Paper is a technology.

The cursive systems of signs we scribble on it are a technology.

And paper money is a technology: a literate one designed centuries ago to facilitate trade.

Nearly a billion adults are illiterate today.Most do not live near literate institutions. We judge them lazy or stupid because they don’t use calendars, and don’t remember simple numeracy practices.

But cash is a literate technology.

Literate institutions like banks, pawnbrokers and joint stock companies evolved around it. And cash strengthened human control over the future – because of literate practices like numeracy and calendars.

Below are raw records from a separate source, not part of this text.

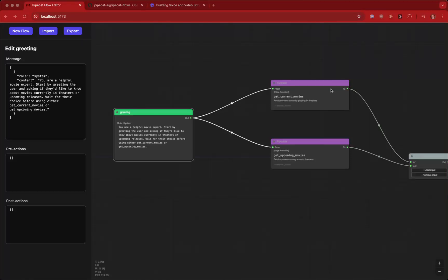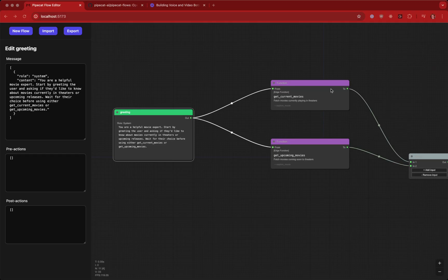Pipecat is an open source Python framework for building voice and video bots. Once customers had this set up, they needed a simple way to create a call flow for an LLM like Gemini to follow, so we created Pipecat Flows. Pipecat Flows is a GUI that lets you create a call flow and integrate it with your Python code.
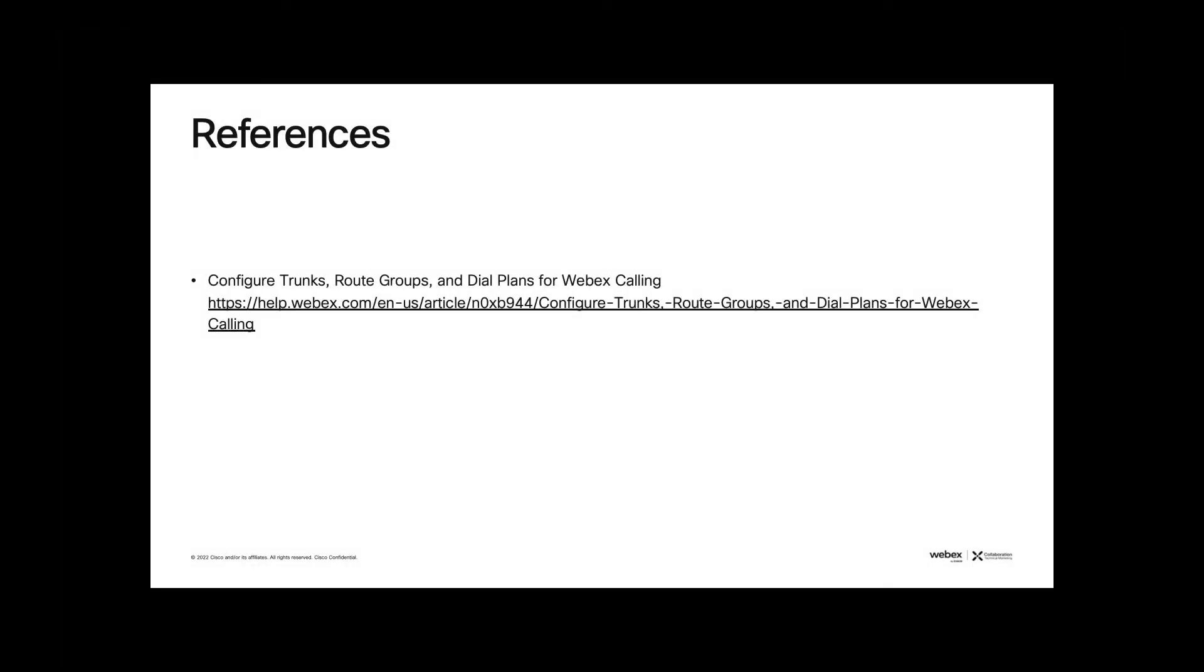Further information on this topic can be found on help.webex.com at the location shown on this slide. Thanks for watching.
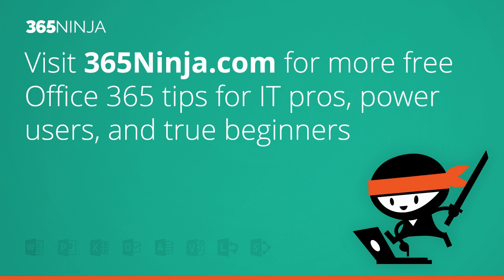Hope those tips helped. For more tips and tricks like this one in Office 365, please check back with 365ninja.com. Thanks.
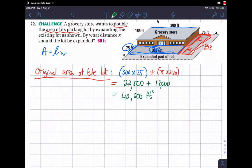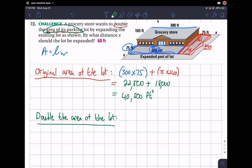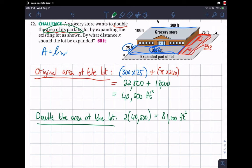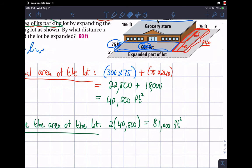That's the original area of the parking lot: 40,500 square feet. To get double that, we say double the area of the lot equals two times 40,500, which turns out to be 81,000 square feet. So 81,000 square feet is double the area of the lot.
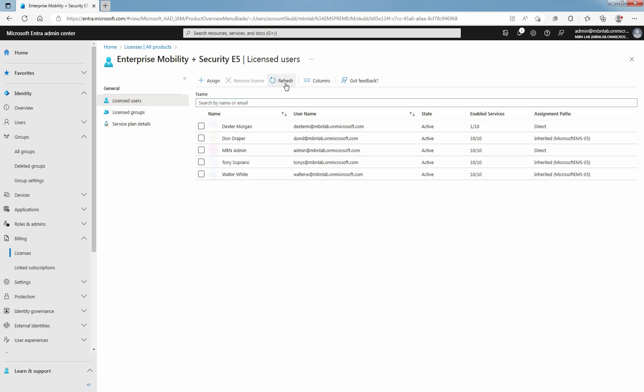You will now see a list of all licensed users. In the column Assignment Paths, you will see how the user has gotten the license, direct or inherited. Behind Inherited, you will also see from which group the user has inherited the license. Two users with the Enterprise Mobility plus Security E5 license with direct assignment. Three users of the group Microsoft EMS E5 have all the license options assigned.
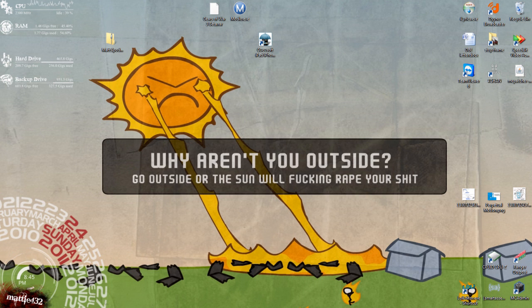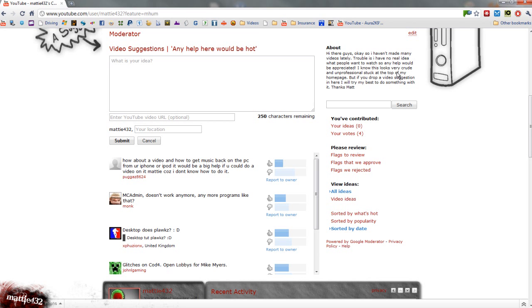This is a requested tutorial by Pugaz8624, a bit of a random name but that's cool.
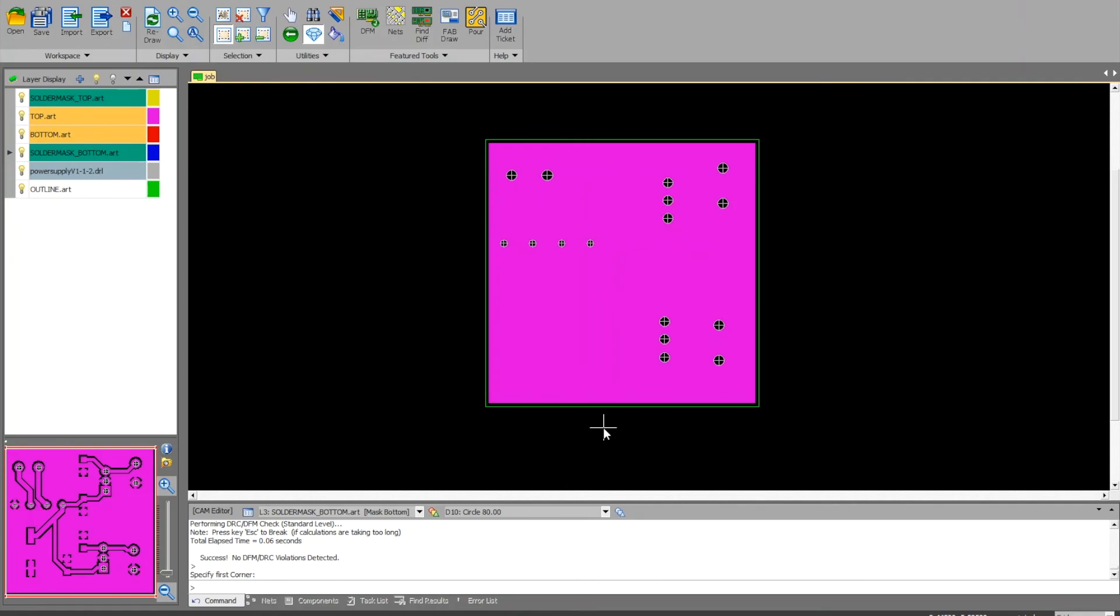When you do that, there's a submission process. You'll have to go to Peralta's website and check out their submission process. Alright, I hope you guys enjoy making boards. Have a good one.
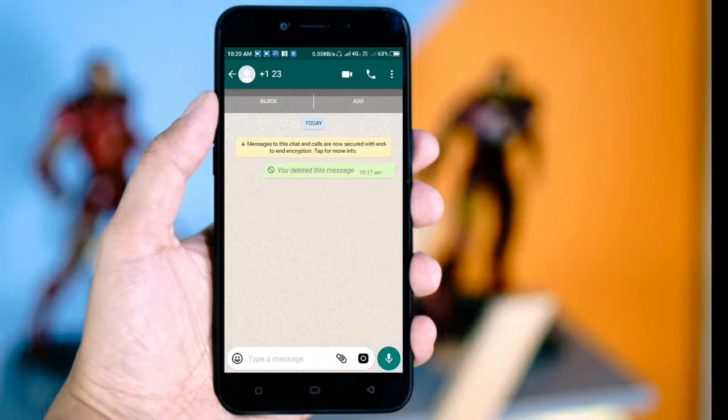Hello friends, welcome to Out2Videos. I am going to talk about this with WhatsApp. When we see the text in WhatsApp, how do we use different types of apps? We can use any kind of app.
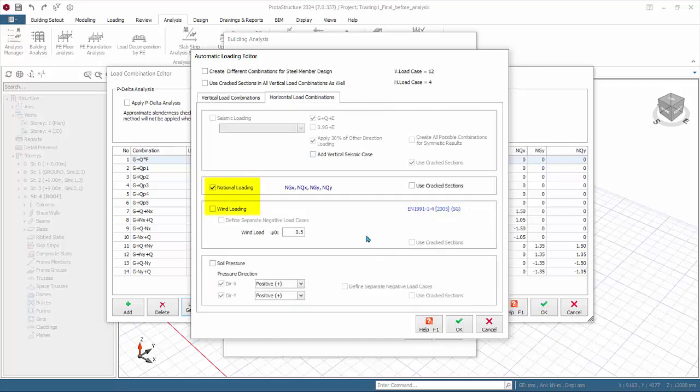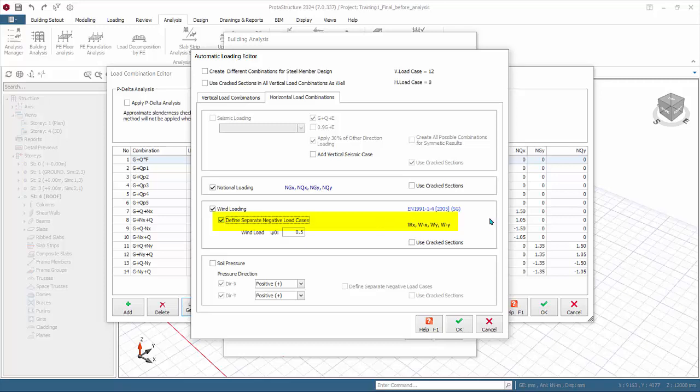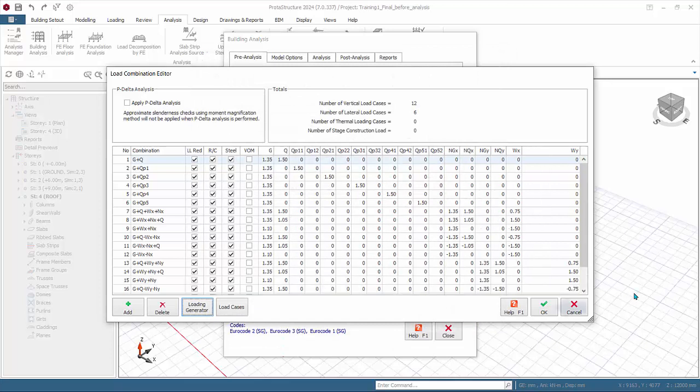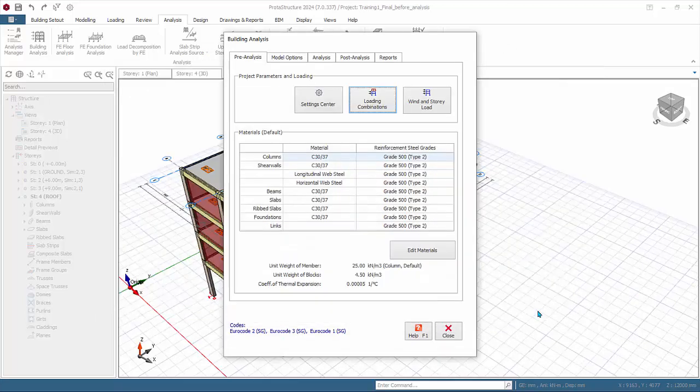Pick notional loading and wind loading. Define separate negative load cases will split Wx into two load cases, namely positive Wx and negative Wx. Use this option if the magnitude of the wind load of positive Wx and negative Wx is determined to be different, else we can use positive and negative sign to control the direction. Leave this option unchecked. Click OK. All the load cases and combinations will automatically be generated. Click OK to save and exit.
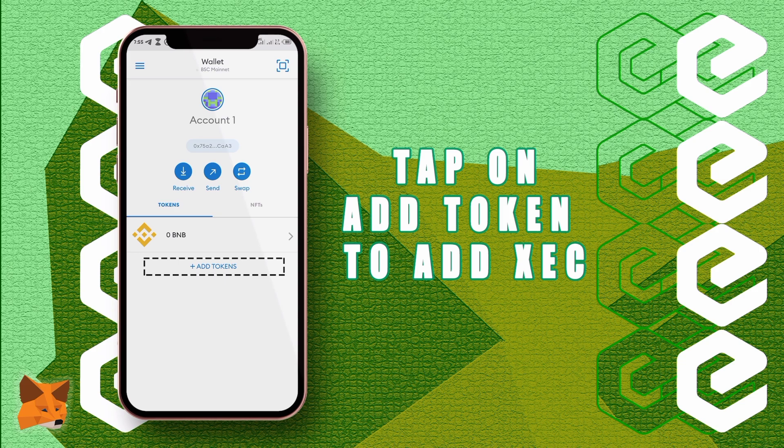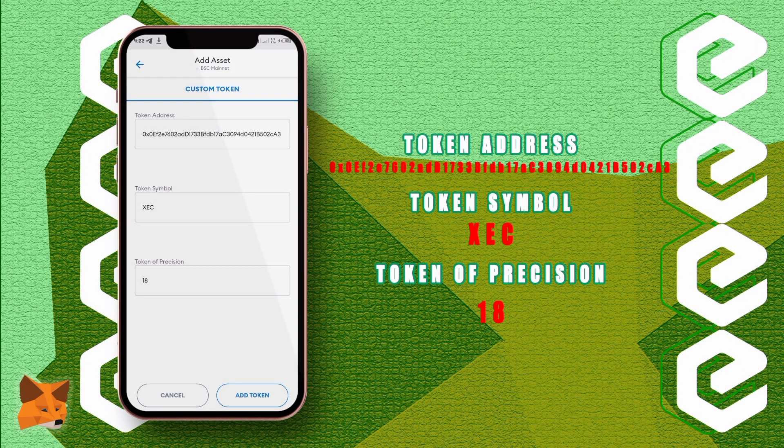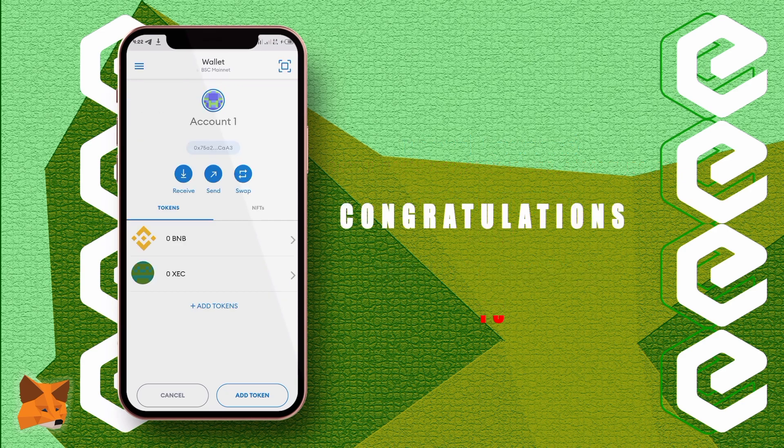Now tap on add token to add ZIK. Fill in the token address, token symbol, and token of decimals. Congratulations, you have successfully added ZIK to your MetaMask wallet and you're ready to spend.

As our modern economy evolved, practices and institutions gradually reinforced technology, and vice-versa. How long does it take for inventions – like cash — to spin off institutions, behavior and culture?

Johannes Gutenberg invented the first machine with movable type in 1439, and gradually books spread through Europe. The first newspaper was printed in Germany in 1605 and in the late 17th century coffee shop culture emerged. Ray Kurzweil suggests that Moore’s law governs all technological change since the discovery of fire. But technological diffusion, and social change follow slower, less predictable rhythms.

If we want to rescue those stranded in oral culture, we cannot simply lend them cash. Cash is the most high-powered medium of exchange on earth. The habits, practices and institutions governing its use are not those of its pre-literate equivalents.

To achieve financial inclusion we must remember our oral origins, and design accordingly.